# 500 euro for service



## dariuscork (23 Jan 2009)

Recently got my car serviced an Audi A4 1.9 diesel nearly fell down when asked for 500 euro,is this normal?


----------



## Caveat (23 Jan 2009)

Completely depends on what was included in the service.


----------



## gebbel (23 Jan 2009)

dariuscork said:


> Recently got my car serviced an Audi A4 1.9 diesel nearly fell down when asked for 500 euro,is this normal?


 
Can you list off exactly what was done?


----------



## lightswitch (23 Jan 2009)

I used to pay around 1k to have a BMW serviced in one of the main dealers, that was until I found their local "overflow" garage.  Cut my costs by at least 75%.  Maybe there is something similar for Audi.


----------



## RedTop (23 Jan 2009)

I would have thought that the Service Dept would call the customer before performing the service to itemize the work and give a projected cost and then go through it in detail after the work was done to make sure the customer walked away somewhat satisfied.


----------



## dieter1 (23 Jan 2009)

dariuscork said:


> Recently got my car serviced an Audi A4 1.9 diesel nearly fell down when asked for 500 euro,is this normal?


 
Its is 'normal' to get completely shafted!  I got my Audi serviced in Belfast recently (including changing timing belt) for £345!  I was quoted 1180 -1200 (amazing how closely priced they all were!- hmmmm) for the same work with annesley, MSL and foster Fosters.

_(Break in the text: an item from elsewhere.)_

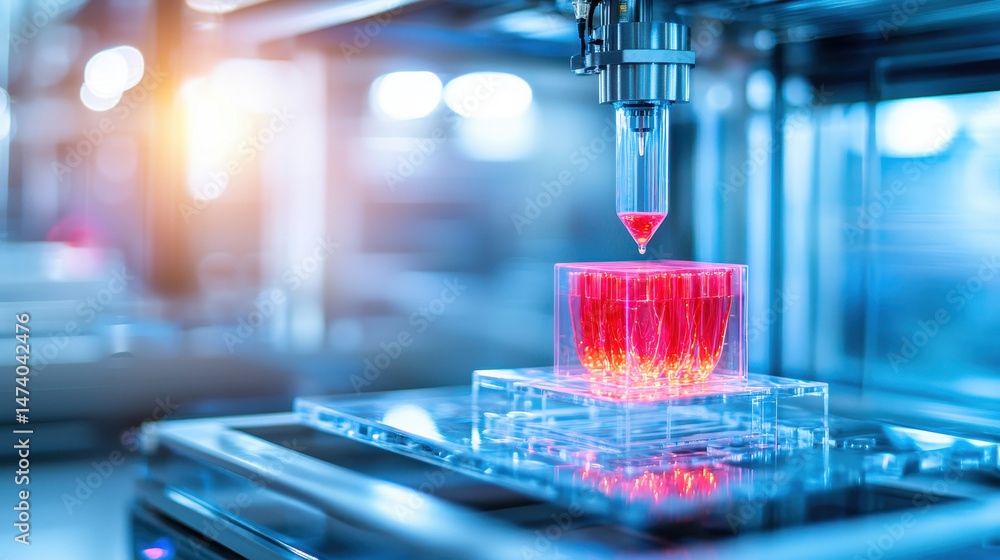 Poster futuristic bioprinting technology in action, showcasing precision nozzle dispensing vibrant red subs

I got it done in a day and managed to get some good shopping in the process saving a quite remarkable 800 quid.  Got it done with Walsh Motors in Andersonstown just off the falls road.  Ring them up, a full service is £90 (i think) compared with €450 here.....


----------



## demoivre (23 Jan 2009)

dariuscork said:


> Recently got my car serviced an Audi A4 1.9 diesel nearly fell down when asked for 500 euro,is this normal?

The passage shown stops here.